No pictures, no extra lines: copy exactly from the line with "1.7 CRDi Trikolor" through the end of the entries.

--- Data ---

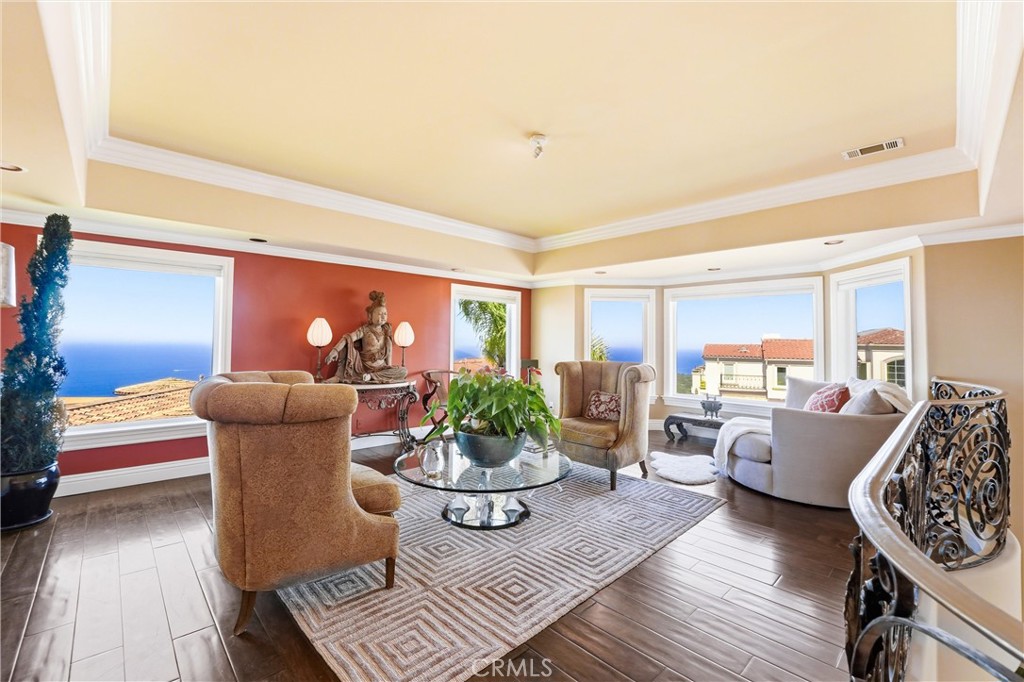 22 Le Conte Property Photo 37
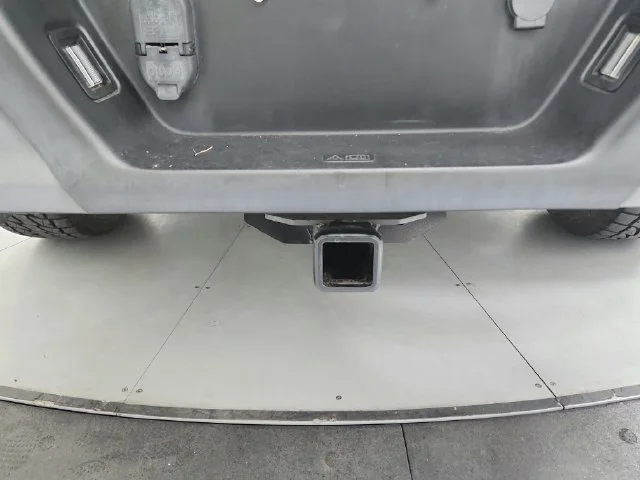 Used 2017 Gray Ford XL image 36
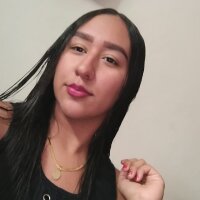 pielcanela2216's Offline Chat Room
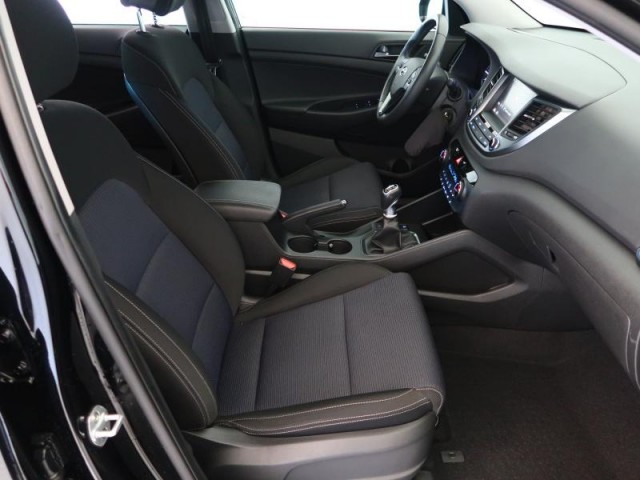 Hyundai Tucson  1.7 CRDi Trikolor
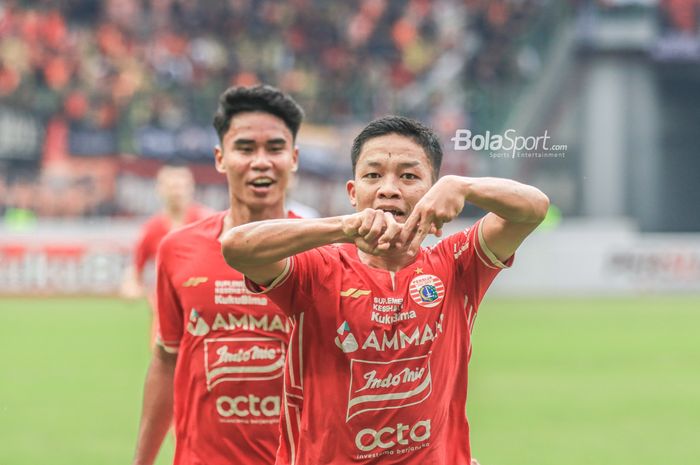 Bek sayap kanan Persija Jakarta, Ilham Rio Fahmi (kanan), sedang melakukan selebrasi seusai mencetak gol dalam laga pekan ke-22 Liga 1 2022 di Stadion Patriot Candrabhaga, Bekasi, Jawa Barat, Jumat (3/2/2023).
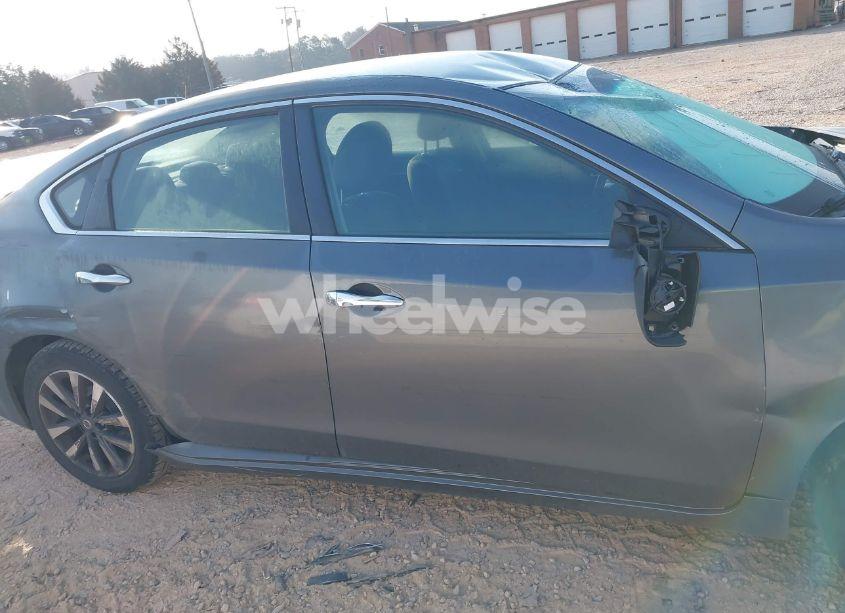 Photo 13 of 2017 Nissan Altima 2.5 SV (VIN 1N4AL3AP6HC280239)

---

**Answer below**.
 Hyundai Tucson  1.7 CRDi Trikolor
 Bek sayap kanan Persija Jakarta, Ilham Rio Fahmi (kanan), sedang melakukan selebrasi seusai mencetak gol dalam laga pekan ke-22 Liga 1 2022 di Stadion Patriot Candrabhaga, Bekasi, Jawa Barat, Jumat (3/2/2023).
 Photo 13 of 2017 Nissan Altima 2.5 SV (VIN 1N4AL3AP6HC280239)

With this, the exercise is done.